*** TASK DATA ***

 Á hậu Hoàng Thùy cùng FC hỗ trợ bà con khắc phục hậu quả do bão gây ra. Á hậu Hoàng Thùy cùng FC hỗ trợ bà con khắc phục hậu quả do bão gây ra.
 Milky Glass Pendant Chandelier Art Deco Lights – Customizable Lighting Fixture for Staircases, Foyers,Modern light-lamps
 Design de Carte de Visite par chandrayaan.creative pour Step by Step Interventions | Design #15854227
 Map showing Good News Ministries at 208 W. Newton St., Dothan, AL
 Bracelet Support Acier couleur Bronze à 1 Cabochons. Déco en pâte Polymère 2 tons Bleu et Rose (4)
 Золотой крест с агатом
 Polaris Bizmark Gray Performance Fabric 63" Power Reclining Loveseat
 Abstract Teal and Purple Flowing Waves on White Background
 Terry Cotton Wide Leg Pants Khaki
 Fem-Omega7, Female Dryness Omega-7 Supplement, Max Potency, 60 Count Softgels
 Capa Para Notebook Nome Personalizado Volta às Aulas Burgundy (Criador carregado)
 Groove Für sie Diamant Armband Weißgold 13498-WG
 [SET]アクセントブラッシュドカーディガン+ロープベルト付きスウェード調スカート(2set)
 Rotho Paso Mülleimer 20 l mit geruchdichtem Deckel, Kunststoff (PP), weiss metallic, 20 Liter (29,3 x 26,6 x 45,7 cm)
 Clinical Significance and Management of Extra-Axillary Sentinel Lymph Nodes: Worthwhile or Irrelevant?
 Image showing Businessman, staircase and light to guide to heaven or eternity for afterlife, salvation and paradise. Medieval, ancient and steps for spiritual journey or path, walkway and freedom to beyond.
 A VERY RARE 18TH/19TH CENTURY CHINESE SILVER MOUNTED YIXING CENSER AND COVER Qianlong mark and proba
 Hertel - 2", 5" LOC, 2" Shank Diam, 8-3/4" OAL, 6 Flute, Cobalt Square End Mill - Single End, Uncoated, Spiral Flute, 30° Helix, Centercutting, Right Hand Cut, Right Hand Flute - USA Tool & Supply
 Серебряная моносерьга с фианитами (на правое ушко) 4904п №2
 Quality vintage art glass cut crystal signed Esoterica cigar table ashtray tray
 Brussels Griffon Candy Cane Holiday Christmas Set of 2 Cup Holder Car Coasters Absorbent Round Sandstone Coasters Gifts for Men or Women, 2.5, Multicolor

*** End of TASK DATA ***

### TO DO
Write out again only the lines from the one with "Quality vintage art" through the last line of the records above. Keep every word as it stands.

### RESULT
 Quality vintage art glass cut crystal signed Esoterica cigar table ashtray tray
 Brussels Griffon Candy Cane Holiday Christmas Set of 2 Cup Holder Car Coasters Absorbent Round Sandstone Coasters Gifts for Men or Women, 2.5, Multicolor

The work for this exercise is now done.